- _Your assignment_:
From the line containing "2000 Chevrolet Corvette" through the last line of the material, copy every line exactly, both ends inclusive; do not copy pictures.

- _Dataset content_:

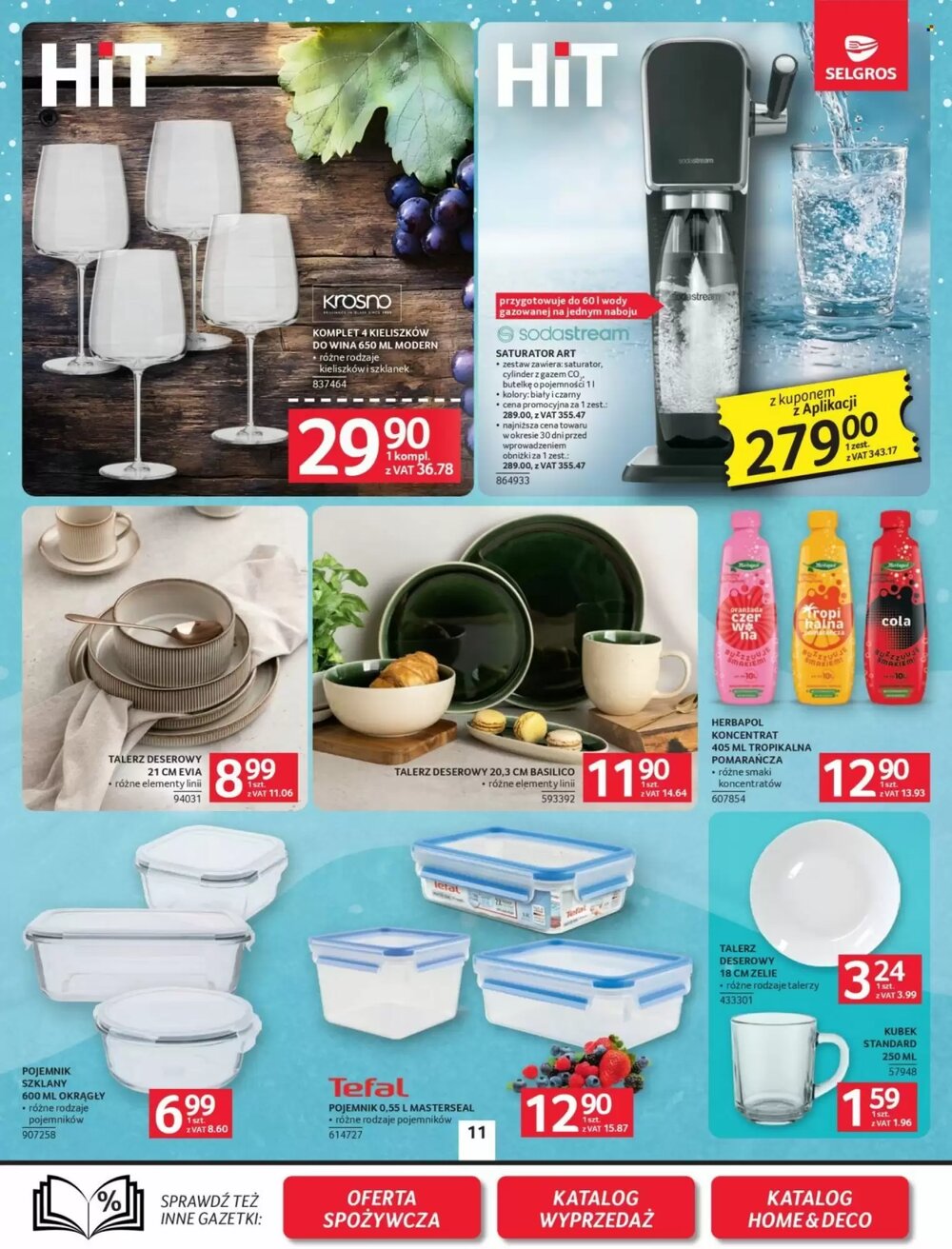 Gazetka promocyjna Selgros  ważna od 08.01.2026 - Strona 13.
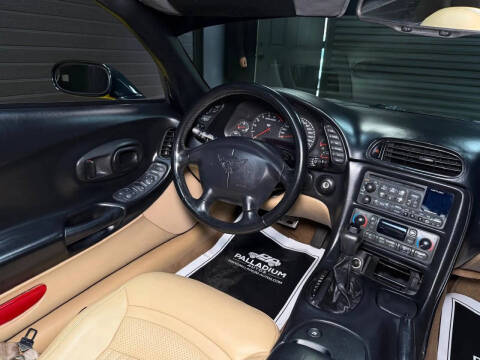 2000 Chevrolet Corvette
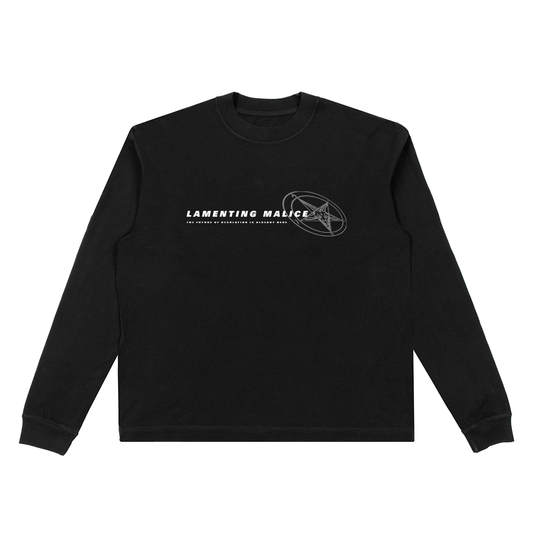 LAMENTING MALICE LONGSLEEVE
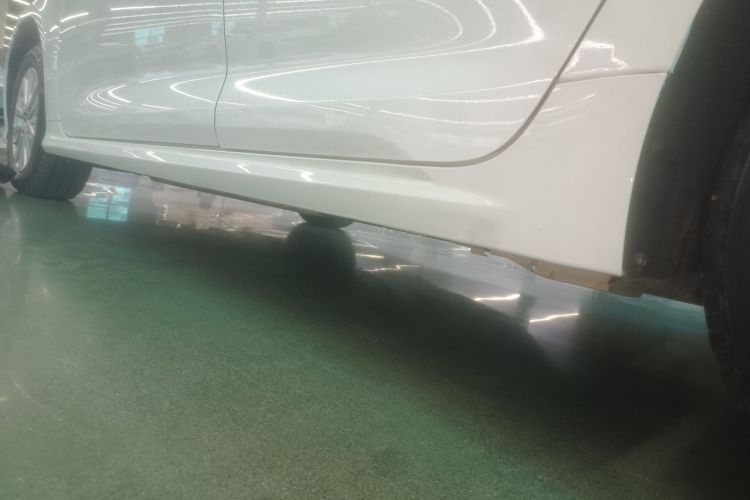 丰田 卡罗拉 2023款 1.2T 先锋版局部细节9002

- _Your solution_:
 2000 Chevrolet Corvette
 LAMENTING MALICE LONGSLEEVE
 丰田 卡罗拉 2023款 1.2T 先锋版局部细节9002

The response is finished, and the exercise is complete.